Mezzanine Financing should always be completed after performing appropriate due diligence by the lender. The borrower does not put up much or any collateral which is why it becomes treated as if it were equity on the balance sheet of the company.
In order to bring in interested parties on to Mezzanine Financing, the firm will have to showcase a solid track record within their industry. They will have to boast an established product and developed reputation, as well as a practical business expansion plan, and a corporate history of profitability. The business plan will need to show opportunities via an IPO initial public offering, acquisitions, or expansions.
Mezzanine Financing commonly attracts an interest rate of from 12 percent to 20 percent. This is because it represents a high return but also high risk form of debt. It usually takes the place of some of the capital which the equity investors would otherwise need to put up for a company to continue to operate effectively or to expand aggressively.
It always helps to consider a real world example in order to better understand a challenging concept like this one. If a private equity firm wants to buy a $200 million business, the senior lenders might consent to delivering $150 million in financing. While the private equity firm pours in $25 million of its own money, they might look for another $25 million in Mezzanine Financing as part of the effective buyout of the company which is the target. Through utilizing the concept of Mezzanine Financing, the buying firm is able to leverage its capital and increase its total return on the deal.

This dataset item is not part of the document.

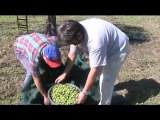 raccolta di olive in contrada Piana Vizzì CATTOLICA ERACLEA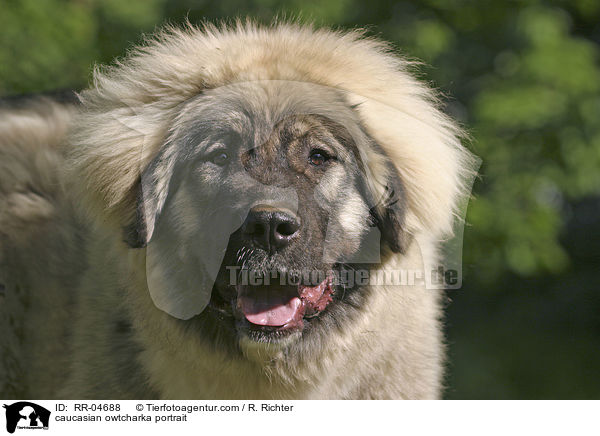 Kaukasischer Schferhund im Portrait / caucasian owtcharka portrait / RR-04688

Such Mezzanine Financing can lead to lenders obtaining some equity share and stake in a company or at least warrants for buying in equity at a later point and time. This can dramatically boost the investor ROR rate of return. The Mezzanine Financiers also obtain interest payments which the borrower must make either annually, quarterly, or monthly according to their contract which they originally executed. As an example, if Britannia Capital Corporation is able to earn as much as 20 percent per year on all of its Mezzanine Finance investments, then this ROR proves to be far higher than today’s pitiful interest rates which U.S. Treasury instruments pay yearly. These commonly provide around two percent only. The reason of course it that the Treasuries are perceived to be risk free, which of course is not at all true.
One reason that borrowers like Mezzanine Financing debt is because they may deduct the interest from their taxes. Consider the following example. If the standard tax rate for companies is 35 percent, then the pretax interest rate at 20 percent becomes reduced to 13 percent after taxes are factored.
The other reason is that this type of financing proves to be far more management friendly than competing debt structures since borrowers are allowed to figure up their interest into the loan balance. When borrowers are unable to pay their scheduled interest payment, they can defer part or even all of the interest. This type of choice is usually not available for other kinds of debts. Besides this, companies which are rapidly expanding in value are able to restructure the original mezzanine type of financing into another form of senior loan at a significantly lower interest rate. This will save them hugely on their costs for interest over the longer-term.
There is a downside to mezzanine financing though. The owners of the firm in question will sacrifice some control as well as upside potential since they are losing equity in the transaction. The owners will also be forced into paying a higher rate of interest, which becomes progressively more expensive as the financing remains in force for a longer period of time.